Copyright 2018 Benjamin Voigt, Steven Mi

Permission is hereby granted, free of charge, to any person obtaining a copy of this software and associated documentation files (the "Software"), to deal in the Software without restriction, including without limitation the rights to use, copy, modify, merge, publish, distribute, sublicense, and/or sell copies of the Software, and to permit persons to whom the Software is furnished to do so, subject to the following conditions:

The above copyright notice and this permission notice shall be included in all copies or substantial portions of the Software.

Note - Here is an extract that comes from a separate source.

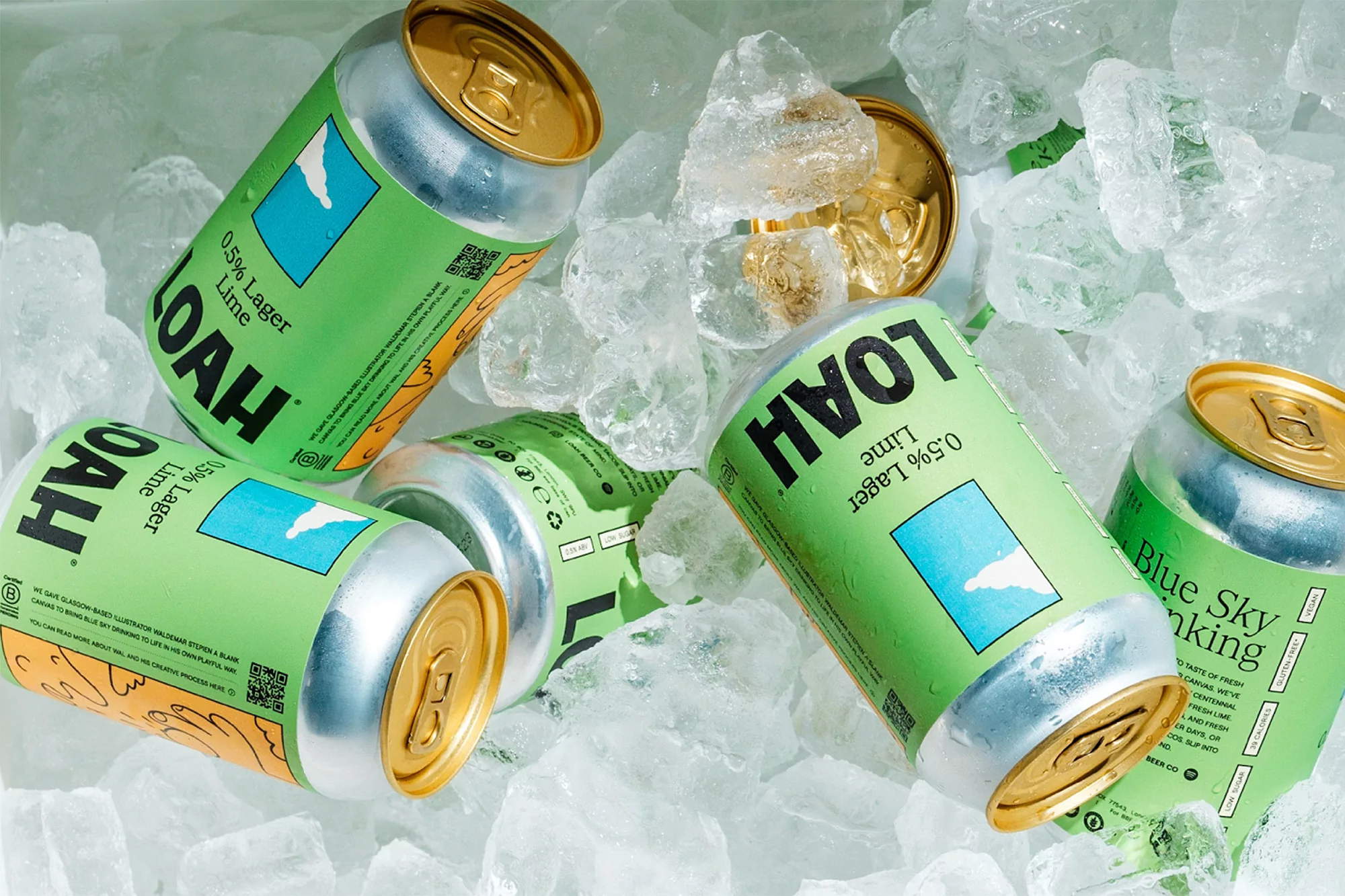 Cans of lime lager are arranged on a bed of clear ice, creating a refreshing and visually appealing beverage advertisement.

THE SOFTWARE IS PROVIDED "AS IS", WITHOUT WARRANTY OF ANY KIND, EXPRESS OR IMPLIED, INCLUDING BUT NOT LIMITED TO THE WARRANTIES OF MERCHANTABILITY, FITNESS FOR A PARTICULAR PURPOSE AND NONINFRINGEMENT. IN NO EVENT SHALL THE AUTHORS OR COPYRIGHT HOLDERS BE LIABLE FOR ANY CLAIM, DAMAGES OR OTHER LIABILITY, WHETHER IN AN ACTION OF CONTRACT, TORT OR OTHERWISE, ARISING FROM, OUT OF OR IN CONNECTION WITH THE SOFTWARE OR THE USE OR OTHER DEALINGS IN THE SOFTWARE.